Activists have blamed this spike in seismic activity on the controversial recent boom in hydraulic fracturing  — or “fracking,” when fluids are injected at high pressure to fracture underground shale rock and create pathways for oil and gas to escape. But while scientists say fracking may be causing occasional quakes (and associate it with other malaises, often pollution-related), they largely agree that the technique itself is not responsible for a majority of these induced, or human-caused, earthquakes.

Instead, a number of recent research papers suggest two other related procedures are largely responsible.

The first is pumping waste liquids into the ground. Oil and gas drillers have long re-injected the salty water that naturally appears in oil deposits, explains a 2015 paper in Science Advances. Tens of thousands of wastewater wells are active in the United States, according to an exhaustive 2013 paper for the National Academy of Sciences, and oversight is limited. Wastewater disposal wells, for example, “normally do not have a detailed geologic review performed prior to injection, and the data are often not available to make such a detailed review. Thus, the location of possible nearby faults is often not a standard part” of setting up these disposal wells. The water is usually injected deeper into the earth, so as not to contaminate oil deposits, where it can add pressure to these unseen fault lines. Frequently this happens in conjunction with fracking.
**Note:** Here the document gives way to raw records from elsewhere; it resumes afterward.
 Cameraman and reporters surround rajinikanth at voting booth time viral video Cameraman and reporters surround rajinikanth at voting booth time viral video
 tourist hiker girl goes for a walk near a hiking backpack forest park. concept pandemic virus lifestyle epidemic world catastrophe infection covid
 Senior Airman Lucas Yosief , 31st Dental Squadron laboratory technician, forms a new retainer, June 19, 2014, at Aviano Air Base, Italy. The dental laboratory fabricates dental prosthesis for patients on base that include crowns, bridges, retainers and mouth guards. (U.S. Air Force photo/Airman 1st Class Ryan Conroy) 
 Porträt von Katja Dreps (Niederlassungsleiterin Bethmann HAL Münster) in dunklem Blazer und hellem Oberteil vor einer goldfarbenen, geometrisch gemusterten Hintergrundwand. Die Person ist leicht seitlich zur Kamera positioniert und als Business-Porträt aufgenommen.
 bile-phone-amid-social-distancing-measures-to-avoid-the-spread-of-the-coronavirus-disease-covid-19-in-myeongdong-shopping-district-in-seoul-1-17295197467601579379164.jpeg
(Berkeley Seismology Lab, 2016)

The second, carbon capture and storage (CCS), is a newer process that the Environmental Protection Agency champions as a green alternative to carbon emissions. Yet, as a 2016 paper for the Royal Society of Chemistry explains, CCS often uses a liquid to pump the captured carbon deep into the earth. The National Academy of Sciences paper adds that CCS has an even larger potential to induce seismic events than wastewater disposal because the volumes of injected fluids are theoretically larger, occurring over longer periods of time and under higher pressure.
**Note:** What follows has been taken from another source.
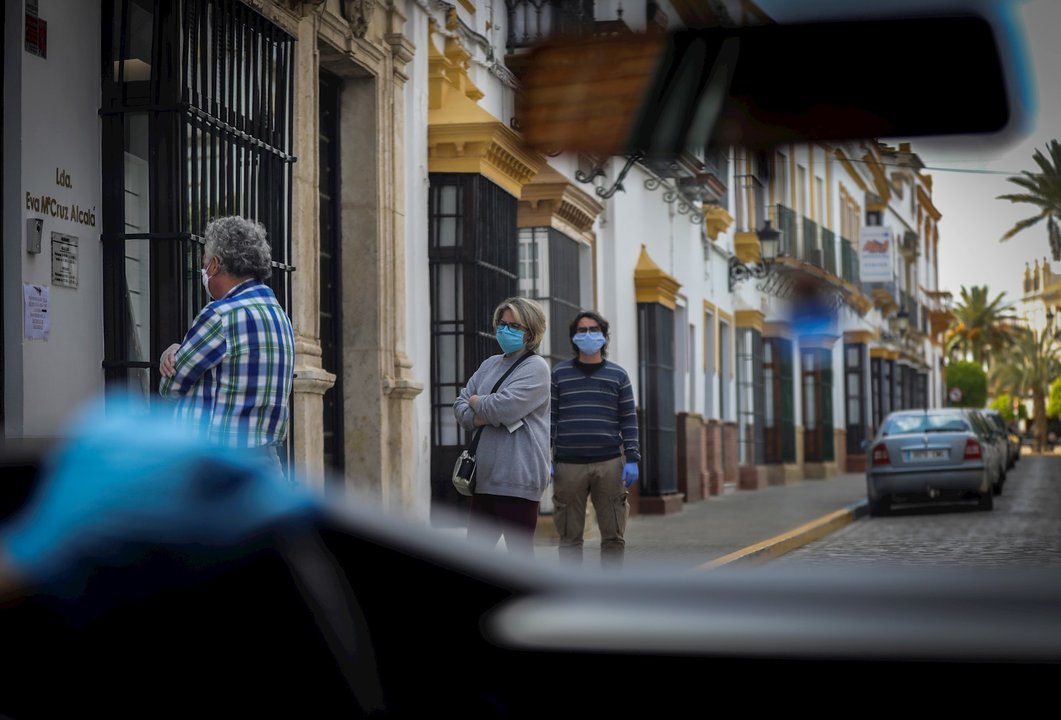 Personas hacen cola para acceder al banco durante el período de confinamiento en el estado de alarma por coronavirus, covid-19. En Arahal, Sevilla (Andalucía, España), a 25 de marzo de 2020.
Both methods pump far more liquid underground than fracking. And both suddenly change the net fluid balance in underground cavities, which, the National Academy of Sciences warns, “appears to have the most direct consequence in regard to induced seismicity.”

A 2016 presentation by Kayla Kroll of the Lawrence Livermore National Laboratory, which is operated by the Department of Energy, found the rate of injection — for any of these techniques — has an effect on the seismic events. Lower pressure results in more earthquakes but fewer large ones; periodically injecting at high rates, by contrast, results in fewer quakes but larger ones.

Legislation

A 2015 paper in the Columbia Journal of Environmental Law looks at how legislation varies in different states and concludes that, in Oklahoma, “little law appears to deter operators from inducing earthquakes.” Texas is similar: “The fact that Texas common law only mildly deters operators from inducing earthquakes through the diminished threat of liability under a mere negligence standard may account for the fact that Texas has experienced more induced earthquakes than any other state.” By contrast, Ohio and Colorado — two other states with active underground drilling — have established regulations forcing energy companies to use caution.

Other resources

  • The U.S. Geological Survey (USGS) at the Department of the Interior should be a first stop for anyone interested in the latest earthquake research and data. It has maps of potential earthquake zones, up-to-the-hour data on the most recent earthquakes around the world, fact sheets on human-caused earthquakes and lists of recent research on induced seismicity. USGS also explains the link between wastewater disposals and induced earthquakes in a “myths and misconceptions” page.
  • The Oklahoma Geological Survey has similar resources focused specifically on the state and what authorities are doing about the sudden spate of quakes there.
  • The Oklahoma Corporation Commission, which regulates the oil and gas industry in the state, addresses the problem on its website.
  • The Energy Information Agency, an independent research outfit at the U.S. Department of Energy, has fact pages on global oil and natural gas production, as well as vast troves of data on just about every energy angle imaginable.
  • The UC Berkeley Seismology Lab has written about human-induced seismicity in the Midwest.
  • Journalist’s Resource has covered research on the health effects of the fracking boom and the costs to local infrastructure.